Top of Data

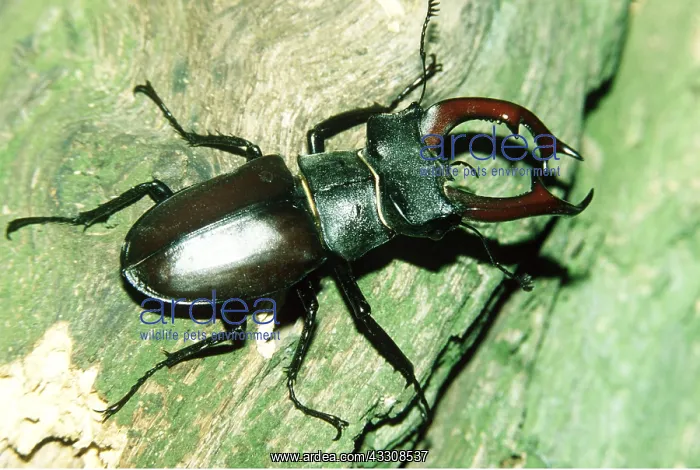 : STAG BEETLE : STAG BEETLE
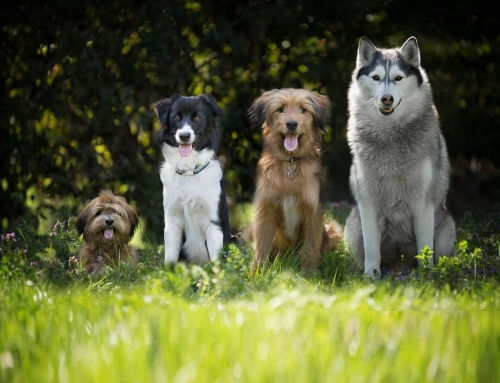 Prosol launches petMOD® XL,  two new products for large breed dogs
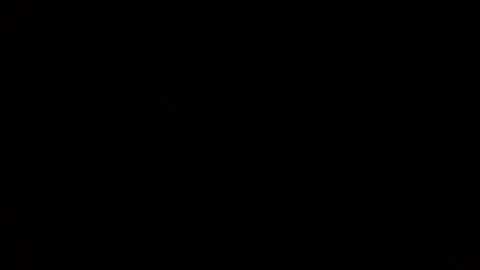 iridisit online show from January 2026 04:07:02 AM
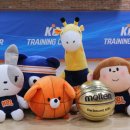 🏀KBL 마스코트 '공아지' 인형 구매 리뷰🐶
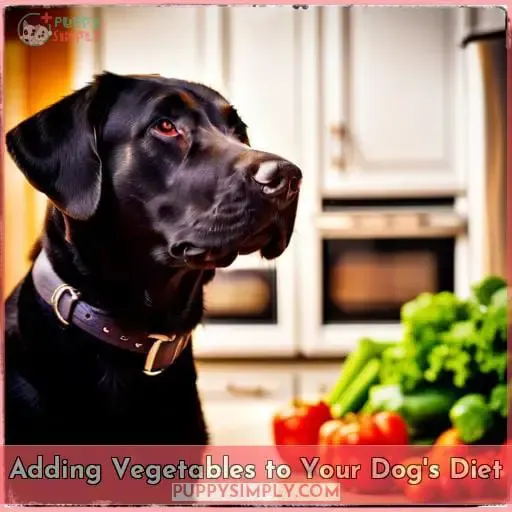Adding Vegetables to Your Dog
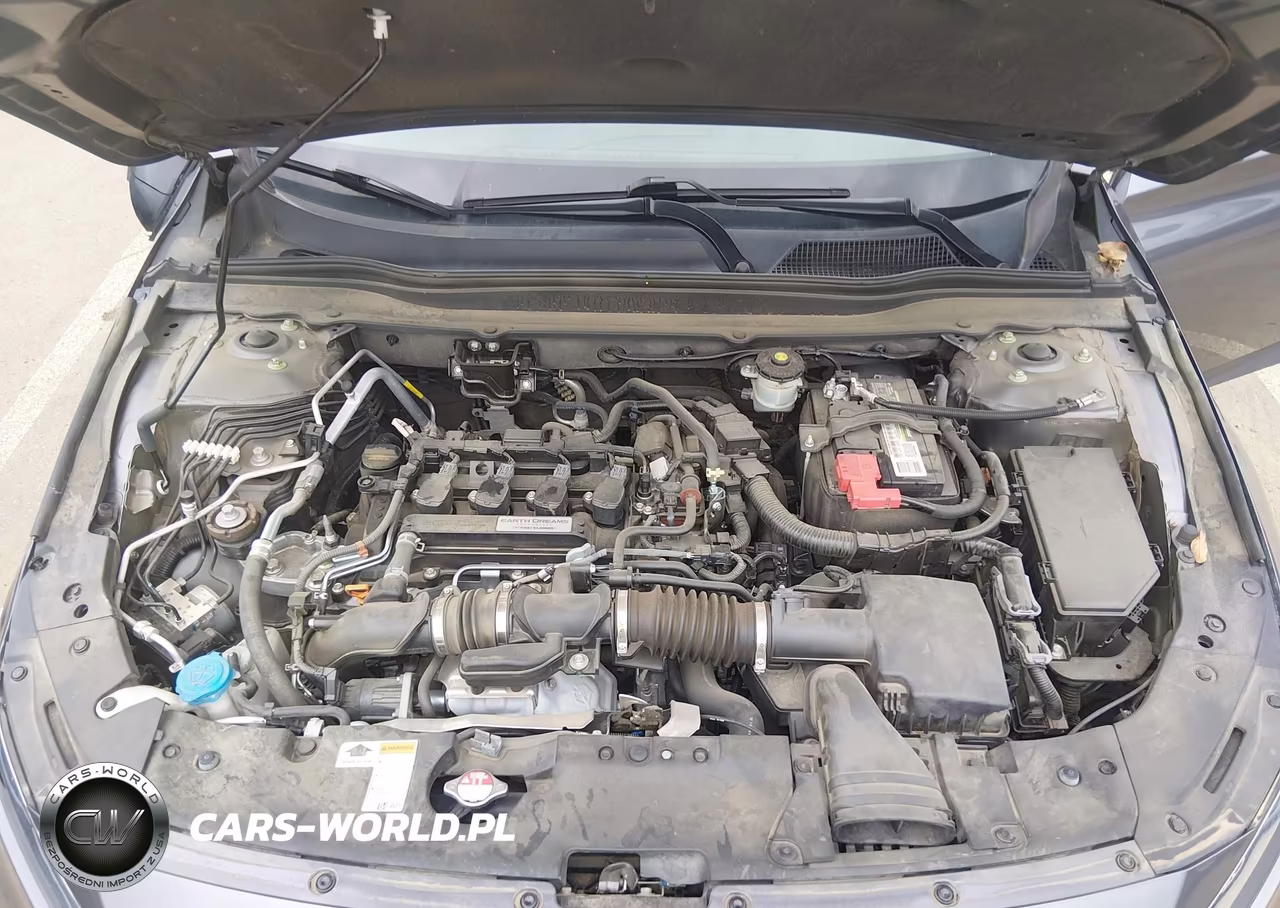 2019 Honda Accord Lx VIN:1HGCV1F13KA135346 - 10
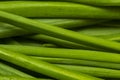 Close up fresh young onion,bunch of fresh shallots,Fresh chives, fresh young onion,green onions feathers heap macro surface Royalty Free Stock Photo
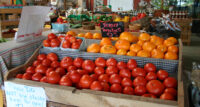 When it comes to produce, New Jersey is among the top 10 producers nationally of several crops, including tomatoes ($47.3 million).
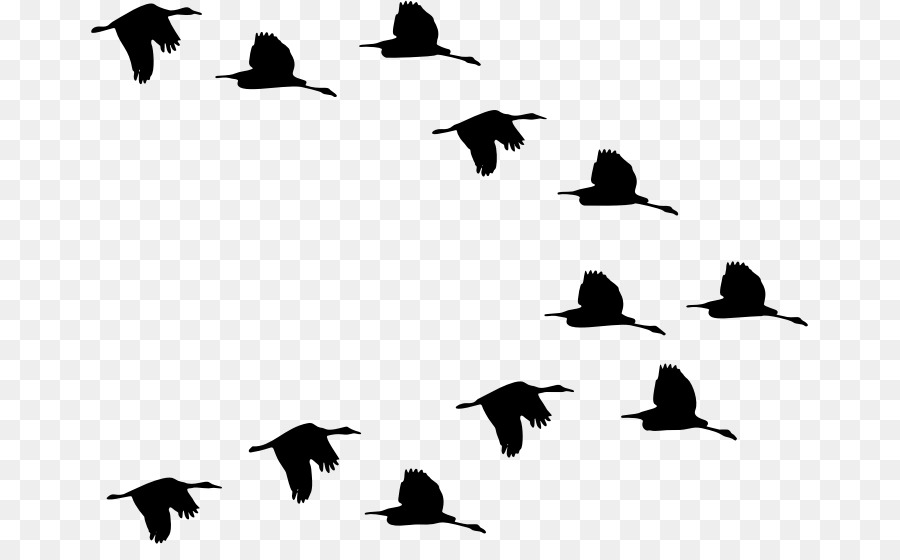 Duck Flight Bird Goose Mallard - flying png download - 717*544 - Free Transparent Duck png Download.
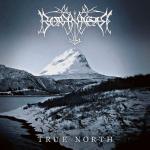 TRUE NORTH (CD)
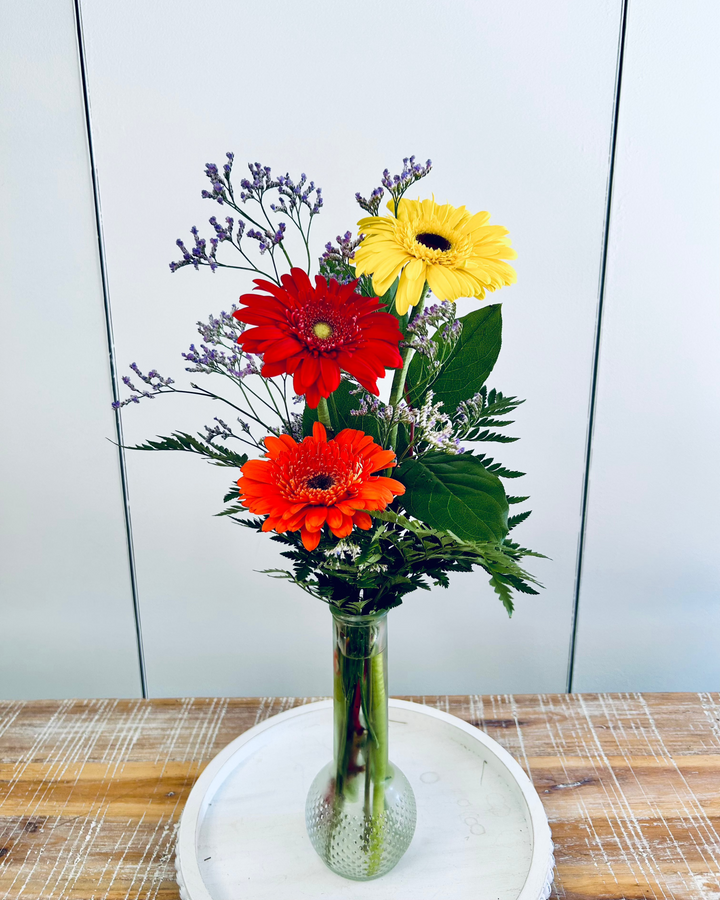 Gerbera Daisies Bud Vase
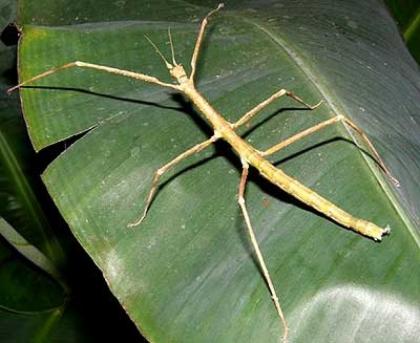 Annam-Stabschrecken Medauroidea extradentata Baculum extradentatum Vietnamesi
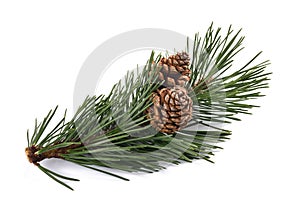 Mugo pine branch with cones photo
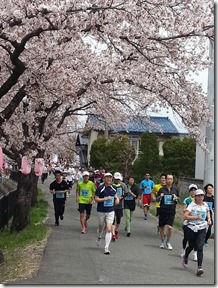 徳島堰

Bottom of Data

▸ Problem statement:
Restate word for word the lines that begin at the one containing "Prosol launches petMOD®" and end with the final line of the records. Pictures stay out.

▸ Written solution:
 Prosol launches petMOD® XL,  two new products for large breed dogs
 iridisit online show from January 2026 04:07:02 AM
 🏀KBL 마스코트 '공아지' 인형 구매 리뷰🐶
Adding Vegetables to Your Dog
 2019 Honda Accord Lx VIN:1HGCV1F13KA135346 - 10
 Close up fresh young onion,bunch of fresh shallots,Fresh chives, fresh young onion,green onions feathers heap macro surface Royalty Free Stock Photo
 When it comes to produce, New Jersey is among the top 10 producers nationally of several crops, including tomatoes ($47.3 million).
 Duck Flight Bird Goose Mallard - flying png download - 717*544 - Free Transparent Duck png Download.
 TRUE NORTH (CD)
 Gerbera Daisies Bud Vase
 Annam-Stabschrecken Medauroidea extradentata Baculum extradentatum Vietnamesi
 Mugo pine branch with cones photo
 徳島堰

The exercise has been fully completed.